Since leaving Framemaker, Corfield has been working with a product called SayIt, using voice as part of workflow optimization, and emphasized that voice truly is the next big thing (you heard it here, folks!). When asked about the use of voice technology in practical office use, Corfield responded that push-to-talk technology helps prevent cross-talk in an office environment. He also pointed out that with voice, there are no ergonomic issues as there are with carpel tunnel syndrome using a mouse and keyboard. If anything, voice will be more helpful!

On that note, the presentation was over. The long and winding road had ended, but has lead to new doors to be opened. 😉

I really enjoyed listening to the history and the thought process behind Framemaker that Dr. Corfield presented.

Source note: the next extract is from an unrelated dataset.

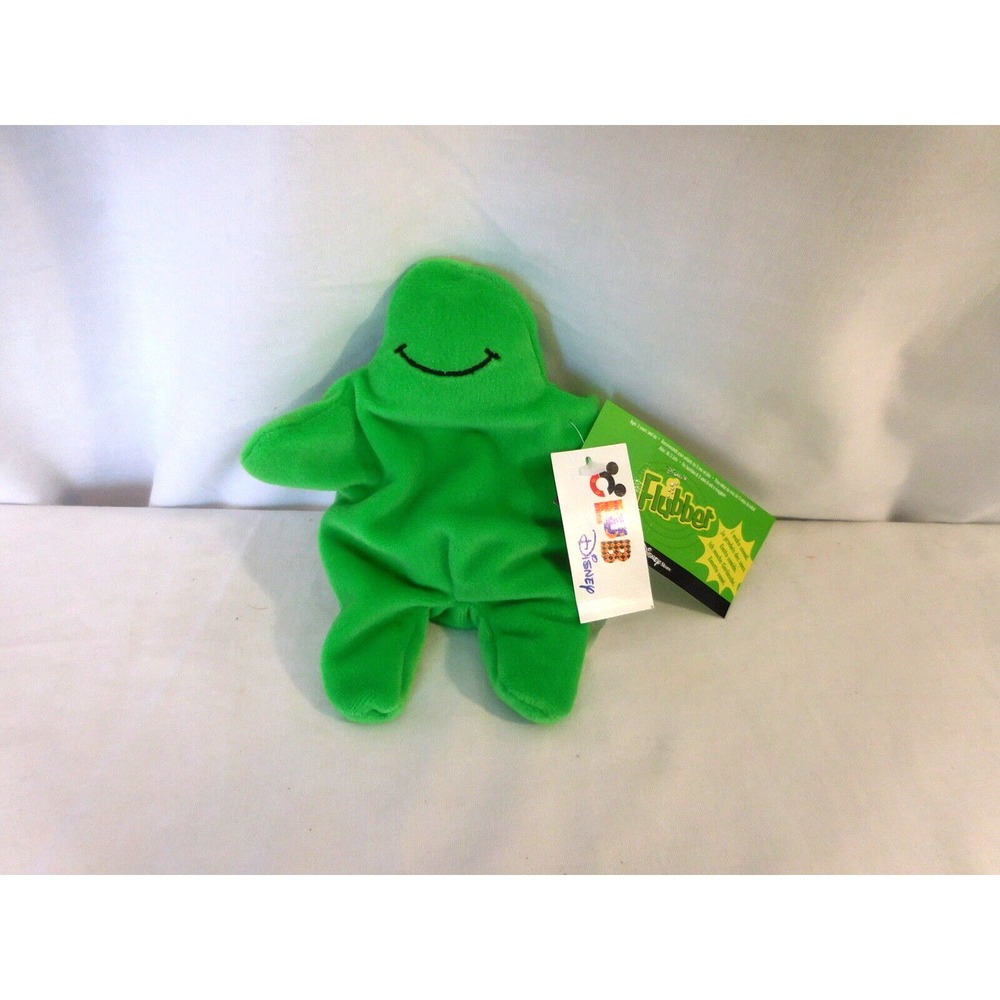 Disney Flubber with Sound Bean Bag Plush Rare Tag Club Disney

Everything he mentioned made total sense, and it’s to his credit that he had the foresight to think about the next steps in word processing to create a useful tool like Framemaker to help technical writers meet the needs of documentation in the digital age.

There is a certain aura around creative, imaginative and smart people who make huge differences in our lives, whether it’s in music like McCartney, or tech comm software like Corfield. You can’t help but be awed in their presence, and yet understand that they are generally humble people.  When you have a chance to meet an individual like that, you want the opportunity to capture the moment–like have a picture of yourself and that person to prove that it happened. I was much too shy to ask Dr. Corfield for a photo with me to be honest. I felt awkward asking, so I didn’t. Heck, I felt awkward asking about his potential Twitter name! Even so, I’m glad I had the opportunity to meet him and hear him speak.  He’s got my vote as a candidate for the Tech Comm Hall of Fame someday.

(And, Dr. Corfield, if you do ever read this, please feel free to correct anything written here or add any clarification or other commentary below!)